The Latest Cover of the 'New Yorker' Is the Reminder America Needs Right Now

Impact

As the country moves into a new year, the visibility of the #BlackLivesMatter movement has begun to fade.

The New Yorker

The cover features Martin Luther King Jr. walking arm-in-arm down a nameless American street with Eric Garner, Trayvon Martin, Michael Brown and what appears to be Wenjian Liu, the New York City police officer shot to death while he and his partner sat in their patrol car in Brooklyn in December. 

Artist Barry Blitt, who drew the cover, said he was inspired by the photographs of the Selma-to-Montgomery march.

In New York and elsewhere, the tension between the police and the policed is at the center of things. Like Trayvon Martin and Eric Garner, Michael Brown and Officers Wenjian Liu and Rafael Ramos, Martin Luther King was taken way too early.
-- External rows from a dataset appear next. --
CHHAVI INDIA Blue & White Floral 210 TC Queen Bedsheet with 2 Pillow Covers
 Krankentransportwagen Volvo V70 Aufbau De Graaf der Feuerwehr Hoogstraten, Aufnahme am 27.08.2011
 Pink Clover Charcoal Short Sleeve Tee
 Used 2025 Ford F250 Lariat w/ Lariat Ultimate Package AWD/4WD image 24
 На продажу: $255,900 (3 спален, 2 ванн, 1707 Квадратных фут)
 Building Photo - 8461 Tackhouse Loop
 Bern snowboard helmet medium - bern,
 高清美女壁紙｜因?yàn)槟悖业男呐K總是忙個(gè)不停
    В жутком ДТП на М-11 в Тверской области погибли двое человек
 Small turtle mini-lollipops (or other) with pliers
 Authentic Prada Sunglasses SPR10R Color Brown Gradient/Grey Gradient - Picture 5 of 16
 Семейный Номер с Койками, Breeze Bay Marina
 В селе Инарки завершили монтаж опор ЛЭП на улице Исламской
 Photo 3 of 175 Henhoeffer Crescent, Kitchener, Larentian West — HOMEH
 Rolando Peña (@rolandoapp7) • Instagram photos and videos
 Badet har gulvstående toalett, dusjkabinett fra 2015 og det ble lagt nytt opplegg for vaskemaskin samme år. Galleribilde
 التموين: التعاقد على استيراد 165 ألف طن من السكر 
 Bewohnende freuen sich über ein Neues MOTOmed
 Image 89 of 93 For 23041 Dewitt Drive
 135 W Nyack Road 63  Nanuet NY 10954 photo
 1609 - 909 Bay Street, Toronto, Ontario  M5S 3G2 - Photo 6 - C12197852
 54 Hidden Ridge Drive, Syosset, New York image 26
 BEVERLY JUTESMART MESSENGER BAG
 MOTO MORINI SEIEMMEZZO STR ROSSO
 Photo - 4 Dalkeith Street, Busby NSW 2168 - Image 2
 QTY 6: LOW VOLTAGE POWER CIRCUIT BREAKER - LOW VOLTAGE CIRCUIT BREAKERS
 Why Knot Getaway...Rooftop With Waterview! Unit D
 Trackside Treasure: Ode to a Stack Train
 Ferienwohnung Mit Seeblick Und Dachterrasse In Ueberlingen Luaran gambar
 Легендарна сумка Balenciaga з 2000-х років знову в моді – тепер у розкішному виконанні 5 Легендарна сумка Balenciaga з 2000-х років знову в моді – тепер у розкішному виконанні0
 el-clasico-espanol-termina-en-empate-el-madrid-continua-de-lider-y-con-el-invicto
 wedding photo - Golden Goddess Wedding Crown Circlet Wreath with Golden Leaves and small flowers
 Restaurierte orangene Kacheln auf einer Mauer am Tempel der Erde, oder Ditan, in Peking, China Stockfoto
It is hard to believe things would have got as bad as they are if he were still around today.

The message could be interpreted as a reminder that the struggle for racial equality did not die with King, but the inclusion of Liu makes this less about the African-American community and more about the damaging impact racial discrimination and tensions have on Americans from all walks of life. Liu, after all, was shot by Ismaaiyl Abdullah Brinsley, reportedly as retribution for the recent deaths of Michael Brown and Eric Garner.